Prussian Attack at Plancenoit, olio su tela di Adolph Northen (1863 circa). Waterloo: i prussiani sfondano le linee francesi a Placenoit. Che cosa sarebbe successo all'Europa che conosciamo se Napoleone avesse vinto a Waterloo?
DEUX MOIS AVANT (due mesi prima). Le piogge torrenziali di quei giorni erano una delle conseguenze di un fatto avvenuto nell'aprile del 1815 nella lontana isola indonesiana di Sumbawa: l'eruzione del vulcano Tambora, che uccise - riportano le cronache - tra 60 e 100.000 persone.
Quell'eruzione seguiva quella di altri vulcani (ai Caraibi nel 1812 e nelle Filippine nel 1811): l'insieme delle ceneri lanciate in atmosfera causarono un drammatico cambiamento climatico e gettarono mlte regioni della Terra in una serie di anni senza estate, freddi e piovosi, e il 1815 fu uno dei peggiori.
Matthew Genge, del dipartimento di scienze della Terra dell’Imperial College di Londra, ha scoperto che l'enorme volume di ceneri vulcaniche elettrizzate di quella e delle precedenti violente eruzioni può avere "cortocircuitato" la corrente elettrica della ionosfera, il livello superiore dell'atmosfera, responsabile anche della formazione di certe nubi, e avere avuto su di essa un’influenza tale da modificare profondamente anche la piovosità su vaste aree del pianeta.
Matthew Genge dimostra col suo studio, pubblicato su Geology, che un'eruzione particolarmente violenta può lanciare cenere in atmosfera fino a 100 chilometri di altezza, ossia molto più in alto di quanto si pensava (30-40 chilometri). Inoltre, lo studio conferma la relazione - già suggerita in passato - tra gli effetti globali dell'eruzione del Tambora (le avverse condizioni atmosferiche) e la sconfitta di Napoleone a Waterloo.
Isola di Sumbawa, Indonesia: ciò che resta del cono del vulcano Tambora, una caldera di 6 km di diametro. In tre mesi di eruzioni il vulcano passò da 4.100 metri di altezza a 2.850 metri.
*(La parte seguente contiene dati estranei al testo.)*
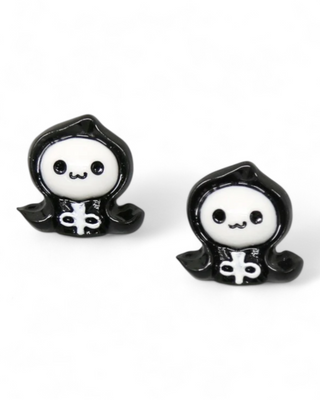 Two black and white ghost figurines with Halloween-themed attire on a white background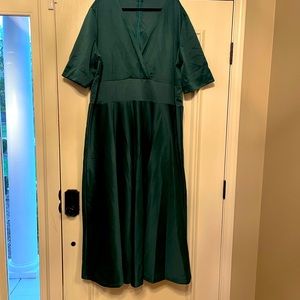 Flattering green midi dress with flared skirt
LE CONSEGUENZE DELLA CENERE. Le forze in grado di spingere la cenere così in alto sono quelle elettrostatiche, ossia forze elettriche, che agiscono su particelle più piccole di 0,2 milionesimi di metro con maggior intensità rispetto alla forza gravitazionale (che tenderebbe a farle precipitare). Matthew Genge ha studiato il comportamento delle ceneri "elettrizzate" grazie a complessi modelli matematici e ha poi cercato conferme (trovandole) nei dati meteorologici raccolti in concomitanza di un’altra grande eruzione, quella del vulcano indonesiano Krakatoa del 1883 - perché i dati meteorologici del 1815 sono troppo sporadici e mal raccolti per essere utilizzati a fini statistici. Nel caso del Krakatoa Matthew Genge ha scoperto che le piogge globali subito dopo l’eruzione sono state inferiori rispetto alle medie, ma più abbondanti pochi mesi dopo.